After recovering, Charlesworth followed the advice of his mentor, Professor Alexander Boyce Gibson and continued his postgraduate studies in 1953 at the Université Catholique de Louvain (UCL) in Belgium. This decision was based on the University’s reputation for excellence in both theology and contemporary continental philosophy. He was attracted in particular by the archives of Edmund Husserl, the German phenomenologist, which were based at UCL, and planned to write his dissertation on phenomenology. However his PhD supervisor, Professor Georges van Riet, insisted that Charlesworth undertake instead a critical study of linguistic analysis, bringing Charlesworth into productive contact with leading Wittgensteinian philosophers such as Elizabeth Anscombe and Peter Geach. Charlesworth gained his Doctorate in Philosophy, avec la plus grande distinction, from UCL in 1955 and was then appointed to a lectureship at the University of Auckland in 1956.

1950

Charlesworth was awarded the first Mannix Travelling Scholarship for overseas study in 1950, the same year he married Stephanie Charlesworth (née Armstrong). However, having contracted tuberculosis, Charlesworth was forced to delay taking up the scholarship and spent the next two years at the Gresswell Sanatorium in Victoria.
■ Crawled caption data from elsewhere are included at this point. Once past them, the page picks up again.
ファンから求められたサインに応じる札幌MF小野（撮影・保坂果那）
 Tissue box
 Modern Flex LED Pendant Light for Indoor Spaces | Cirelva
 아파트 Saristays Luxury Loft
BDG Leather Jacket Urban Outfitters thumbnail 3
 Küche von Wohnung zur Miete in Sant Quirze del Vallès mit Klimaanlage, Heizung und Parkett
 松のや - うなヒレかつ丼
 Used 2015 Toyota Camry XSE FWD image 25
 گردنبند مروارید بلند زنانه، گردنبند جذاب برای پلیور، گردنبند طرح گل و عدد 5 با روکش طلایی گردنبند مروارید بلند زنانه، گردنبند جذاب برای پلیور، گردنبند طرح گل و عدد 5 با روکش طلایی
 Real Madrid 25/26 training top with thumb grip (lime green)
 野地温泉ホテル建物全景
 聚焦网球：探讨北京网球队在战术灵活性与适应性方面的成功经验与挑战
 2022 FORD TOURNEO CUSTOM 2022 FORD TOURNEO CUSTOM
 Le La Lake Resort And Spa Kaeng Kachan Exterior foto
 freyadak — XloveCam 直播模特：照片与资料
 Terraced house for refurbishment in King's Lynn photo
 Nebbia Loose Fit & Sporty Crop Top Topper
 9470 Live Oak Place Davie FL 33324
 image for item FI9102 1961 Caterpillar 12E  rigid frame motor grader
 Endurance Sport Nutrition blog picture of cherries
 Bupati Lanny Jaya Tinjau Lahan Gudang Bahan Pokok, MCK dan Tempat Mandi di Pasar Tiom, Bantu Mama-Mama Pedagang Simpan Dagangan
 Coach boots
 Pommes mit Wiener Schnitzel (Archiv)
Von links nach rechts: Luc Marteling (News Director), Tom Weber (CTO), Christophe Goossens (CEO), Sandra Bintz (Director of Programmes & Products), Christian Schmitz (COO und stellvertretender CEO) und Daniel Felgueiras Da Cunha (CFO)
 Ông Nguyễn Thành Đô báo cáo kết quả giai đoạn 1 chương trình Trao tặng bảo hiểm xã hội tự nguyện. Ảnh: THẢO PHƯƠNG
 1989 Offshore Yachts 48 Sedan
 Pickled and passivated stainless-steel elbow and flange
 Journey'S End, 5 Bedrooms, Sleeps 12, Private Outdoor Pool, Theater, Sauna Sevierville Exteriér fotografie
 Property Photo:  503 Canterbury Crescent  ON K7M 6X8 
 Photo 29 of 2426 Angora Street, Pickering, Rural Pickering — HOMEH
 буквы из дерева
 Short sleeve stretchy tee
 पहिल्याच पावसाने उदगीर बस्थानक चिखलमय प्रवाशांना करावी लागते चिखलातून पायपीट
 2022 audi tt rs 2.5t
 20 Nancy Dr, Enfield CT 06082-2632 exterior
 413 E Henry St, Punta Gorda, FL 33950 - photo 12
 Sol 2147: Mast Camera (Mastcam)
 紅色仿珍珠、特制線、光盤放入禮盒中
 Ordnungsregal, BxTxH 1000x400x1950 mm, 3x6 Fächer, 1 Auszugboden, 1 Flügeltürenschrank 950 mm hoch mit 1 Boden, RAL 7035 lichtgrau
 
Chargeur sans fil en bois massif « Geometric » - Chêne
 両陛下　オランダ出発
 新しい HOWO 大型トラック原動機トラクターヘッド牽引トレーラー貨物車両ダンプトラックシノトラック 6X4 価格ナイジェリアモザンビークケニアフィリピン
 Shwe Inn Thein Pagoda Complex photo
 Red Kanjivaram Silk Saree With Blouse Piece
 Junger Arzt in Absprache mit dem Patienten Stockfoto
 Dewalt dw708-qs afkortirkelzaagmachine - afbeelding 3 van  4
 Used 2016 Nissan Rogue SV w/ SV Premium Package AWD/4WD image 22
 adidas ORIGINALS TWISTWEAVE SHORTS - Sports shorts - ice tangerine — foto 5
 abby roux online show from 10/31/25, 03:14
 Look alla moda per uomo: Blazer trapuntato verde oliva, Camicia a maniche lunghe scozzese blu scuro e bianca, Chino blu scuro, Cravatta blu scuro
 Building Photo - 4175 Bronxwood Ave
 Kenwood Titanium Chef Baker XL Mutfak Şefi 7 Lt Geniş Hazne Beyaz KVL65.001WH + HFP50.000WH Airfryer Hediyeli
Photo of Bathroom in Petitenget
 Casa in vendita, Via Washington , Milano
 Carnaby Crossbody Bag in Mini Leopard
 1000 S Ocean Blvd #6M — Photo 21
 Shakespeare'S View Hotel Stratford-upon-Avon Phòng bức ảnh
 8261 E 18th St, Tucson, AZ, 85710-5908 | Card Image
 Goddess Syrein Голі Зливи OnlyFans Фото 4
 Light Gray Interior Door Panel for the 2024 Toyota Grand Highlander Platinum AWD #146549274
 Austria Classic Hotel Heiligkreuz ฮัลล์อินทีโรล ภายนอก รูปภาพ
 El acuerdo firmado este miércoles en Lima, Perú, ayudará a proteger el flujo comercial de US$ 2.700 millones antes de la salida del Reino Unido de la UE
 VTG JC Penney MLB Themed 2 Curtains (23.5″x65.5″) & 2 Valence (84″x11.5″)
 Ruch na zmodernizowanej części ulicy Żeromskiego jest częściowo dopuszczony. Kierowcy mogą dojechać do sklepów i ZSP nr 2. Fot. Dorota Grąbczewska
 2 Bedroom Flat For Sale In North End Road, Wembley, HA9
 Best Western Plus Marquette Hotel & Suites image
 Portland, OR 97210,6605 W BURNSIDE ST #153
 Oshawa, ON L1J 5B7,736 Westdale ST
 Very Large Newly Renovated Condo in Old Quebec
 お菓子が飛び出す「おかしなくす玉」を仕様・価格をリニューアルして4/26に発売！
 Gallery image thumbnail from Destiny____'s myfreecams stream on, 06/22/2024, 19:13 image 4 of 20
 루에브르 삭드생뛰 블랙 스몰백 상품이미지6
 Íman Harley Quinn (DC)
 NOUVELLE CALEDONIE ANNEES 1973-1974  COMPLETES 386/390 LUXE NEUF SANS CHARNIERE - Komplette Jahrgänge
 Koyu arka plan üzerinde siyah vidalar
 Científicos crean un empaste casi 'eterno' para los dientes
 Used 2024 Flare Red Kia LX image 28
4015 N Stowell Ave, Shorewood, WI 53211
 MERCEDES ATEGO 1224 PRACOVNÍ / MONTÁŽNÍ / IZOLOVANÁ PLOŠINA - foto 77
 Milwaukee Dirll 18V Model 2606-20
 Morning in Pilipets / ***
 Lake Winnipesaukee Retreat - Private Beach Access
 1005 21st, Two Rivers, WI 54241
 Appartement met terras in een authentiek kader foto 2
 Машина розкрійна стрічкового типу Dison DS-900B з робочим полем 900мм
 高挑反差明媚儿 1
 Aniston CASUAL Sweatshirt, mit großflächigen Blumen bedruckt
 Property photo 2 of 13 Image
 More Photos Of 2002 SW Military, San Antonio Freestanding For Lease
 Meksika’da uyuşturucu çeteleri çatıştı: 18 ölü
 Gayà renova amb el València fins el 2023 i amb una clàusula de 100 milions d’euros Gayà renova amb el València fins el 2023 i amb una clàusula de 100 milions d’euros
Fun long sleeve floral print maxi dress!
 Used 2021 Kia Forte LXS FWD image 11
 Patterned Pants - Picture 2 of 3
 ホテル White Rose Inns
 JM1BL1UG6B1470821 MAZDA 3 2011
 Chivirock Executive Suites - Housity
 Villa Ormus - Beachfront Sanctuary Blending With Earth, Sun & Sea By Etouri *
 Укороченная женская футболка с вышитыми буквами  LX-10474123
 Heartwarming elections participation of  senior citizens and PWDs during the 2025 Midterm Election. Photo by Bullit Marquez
Charlesworth opposed the anti-communist ‘Movement’ during the 1950s and 1960s, led by B. A. Santamaria’s. He considered that the Movement’s insistence that Christian values should have a privileged place in society distorted the proper relationship between Church and State. Charlesworth aired his critique in the pages of the Catholic Worker, a journal he co-edited with Tony Coady in the late 1960s and early 1970s. The journal was denounced by members of the Catholic clergy and its distribution in Churches forbidden. Integrating his liberal philosophy with a progressive social vision, Charlesworth and other contributors to the Catholic Worker questioned the moral case for the Vietnam War and Catholic teachings on contraception, abortion, and divorce among others.

1925

Maxwell John Charlesworth AO FAHA (30 December 1925 – 2 June 2014) was an Australian philosopher and public intellectual. He taught and wrote on a wide range of areas including the philosophy of religion and the role of the Church in a liberal democratic society; Australian Aboriginal culture and religions; European philosophy from medieval to continental; bioethics and modern science’s role in society; and the philosophy of education. In 1990, he was made an Officer of the Order of Australia for his contributions to Australian society in the fields of education and bioethics.

Charlesworth was born in Numurkah, Victoria on 30 December 1925, the younger son of William and Mabel Charlesworth. He was educated at government schools in Numurkah, and then at Assumption College, Kilmore. Charlesworth moved to Melbourne to study at the University of Melbourne, obtaining a Bachelor of Arts with honours in 1946 and a Masters of Arts in 1948.